愛知県あま市の萱津神社で8月21日、日本で唯一の漬物の祭礼「香乃物祭」が行われ、全日本漬物協同組合連合会の秋本薫副理事長、愛知県漬物協会の曽我公彦理事長など全国の業界関係者が参加した。

 神社周辺は尾張平野の肥沃な土地で、昔は海岸に面しており、神前にウリやナスなどとともに海で取れた藻塩を備えて五穀豊穣を祈っていた。
供物が腐敗するのを惜しみ、社殿の傍らにかめを置き、その中に入れたところ、程よい塩漬けになり、「雨露にあたっても変わらぬ不思議なその味を神からの賜り物として、万病を治すお守りにした」とあり、これが漬物の始まりとされている。

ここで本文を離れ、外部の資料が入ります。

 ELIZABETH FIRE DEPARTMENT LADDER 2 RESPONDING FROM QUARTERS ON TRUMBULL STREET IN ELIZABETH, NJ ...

 祭りは毎年8月21日に行われる。本殿では祝詞奏上や巫女の舞が奉納された。続いて香の物殿では一般参加もできる漬込神事が行われた。白菜やナス、カリモリなどの野菜と塩を合わせてかめの中に入れ、漬け込んだ香の物は、名古屋市の熱田神宮に奉納される。

 また、境内にある萱津会館の2階では、地元の尾張地区で生産する野菜「カリモリ」を使った伝統の漬物を後世に残していくため、地元有志で結成した「かりかりもりもりたい」の新工房がオープン。粕漬けをベースとした地域に伝わる製法で作った浅漬けを祭の当日に販売したほか、毎月21日の「漬物の日」に合わせて定期販売を行っていく。

 愛知県漬物協会では、祭に合わせて理事会を萱津会館で開催。11月29日に予定されている名古屋市の久屋大通公園エンゼル広場の「あいち農林水産フェア」に出店し、漬物をPRするほか、27年3月には漬物技術研究会を実施し、アキモの秋本薫社長を講師に招き、漬物製造におけるDXについて学ぶ。